I think there is some level of difference between 'sedentary' birds - weavers, mesas, most passerines - which fly only out of necessity but have mainly the same home range - and more broad fliers - such as hawks, eagles, and parrots.'Allowance of free flight' is NOT the only alternative to 'taking out their flight feathers and putting them on a stick' - this is ridiculous exaggeration.
'Keeping birds in aviaries is cruel and inhumane - birds should be allowed free flight' is a common public statement given by often low-rent birds-of-prey exhibitors, when the reality is that their birds are kept very confined even tied up for the major part of their lives, and then starved into coming back to the fist.
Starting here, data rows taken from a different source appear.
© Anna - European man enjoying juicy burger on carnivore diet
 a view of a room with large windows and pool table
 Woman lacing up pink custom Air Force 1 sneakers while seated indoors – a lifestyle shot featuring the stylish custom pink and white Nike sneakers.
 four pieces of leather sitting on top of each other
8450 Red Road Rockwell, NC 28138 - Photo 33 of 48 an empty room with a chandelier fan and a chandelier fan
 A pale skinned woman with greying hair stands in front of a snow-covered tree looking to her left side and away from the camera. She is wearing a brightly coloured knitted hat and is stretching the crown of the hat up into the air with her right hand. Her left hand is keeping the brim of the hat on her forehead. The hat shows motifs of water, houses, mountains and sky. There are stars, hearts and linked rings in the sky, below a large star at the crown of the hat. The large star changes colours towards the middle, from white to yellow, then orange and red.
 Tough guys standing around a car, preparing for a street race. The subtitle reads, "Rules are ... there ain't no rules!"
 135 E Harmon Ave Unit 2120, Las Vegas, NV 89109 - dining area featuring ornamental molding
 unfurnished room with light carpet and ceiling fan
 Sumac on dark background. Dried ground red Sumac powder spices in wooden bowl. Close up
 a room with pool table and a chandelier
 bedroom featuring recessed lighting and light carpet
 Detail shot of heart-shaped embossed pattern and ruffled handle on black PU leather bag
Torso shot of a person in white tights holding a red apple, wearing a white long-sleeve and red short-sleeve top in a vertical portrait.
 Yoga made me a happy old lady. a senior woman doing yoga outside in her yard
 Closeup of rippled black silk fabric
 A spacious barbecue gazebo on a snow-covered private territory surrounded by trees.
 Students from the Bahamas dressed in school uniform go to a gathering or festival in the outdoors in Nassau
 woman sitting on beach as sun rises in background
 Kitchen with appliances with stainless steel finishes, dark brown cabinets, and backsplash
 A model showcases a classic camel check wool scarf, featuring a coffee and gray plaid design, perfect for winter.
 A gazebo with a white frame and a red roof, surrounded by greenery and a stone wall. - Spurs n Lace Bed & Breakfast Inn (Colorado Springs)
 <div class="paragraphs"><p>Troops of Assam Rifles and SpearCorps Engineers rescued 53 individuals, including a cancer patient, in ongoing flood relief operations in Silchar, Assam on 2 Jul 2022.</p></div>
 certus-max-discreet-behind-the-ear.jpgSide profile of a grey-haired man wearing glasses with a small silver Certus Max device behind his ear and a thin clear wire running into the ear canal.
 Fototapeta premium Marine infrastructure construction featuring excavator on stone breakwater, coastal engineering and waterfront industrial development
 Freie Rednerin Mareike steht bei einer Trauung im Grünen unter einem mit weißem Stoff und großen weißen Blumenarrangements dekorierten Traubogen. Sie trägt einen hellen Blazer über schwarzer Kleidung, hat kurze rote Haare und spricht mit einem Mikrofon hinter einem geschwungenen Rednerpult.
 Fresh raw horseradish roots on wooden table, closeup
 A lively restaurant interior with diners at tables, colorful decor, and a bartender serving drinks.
This might be dressed up as 'keeping them at a flying weight' - but the whole thing is an excuse for what is purely a circus act, which should have been outlawed along with the badger baiting and dancing bears, also popular during and post mediaeval times.
Most 'broad flyers' are also larger, which makes building a whole-purpose aviary tricky.
I will say that there are some aviaries in the world that give good flying freedom for parrots - such as those in Singapore - but these can be rather expensive.
I think you will appreciate to know that not all falconers keep their birds under tether - many do keep them in 'freeloft' aviaries which allow for some degree of unrestrained flight - though of course not as much as the sky itself. Freeloft is a holding area. There is some debate amongst falconers as to which is the preferred method... but I don't consider myself to have the expertise to have a say on which. From what I understand part of the reason tethering is a thing at all is so that birds don't kill themselves upon flying into the walls of the holding area.
Not that I ever said it was the only alternative, anyway. I just said how it's an alternative.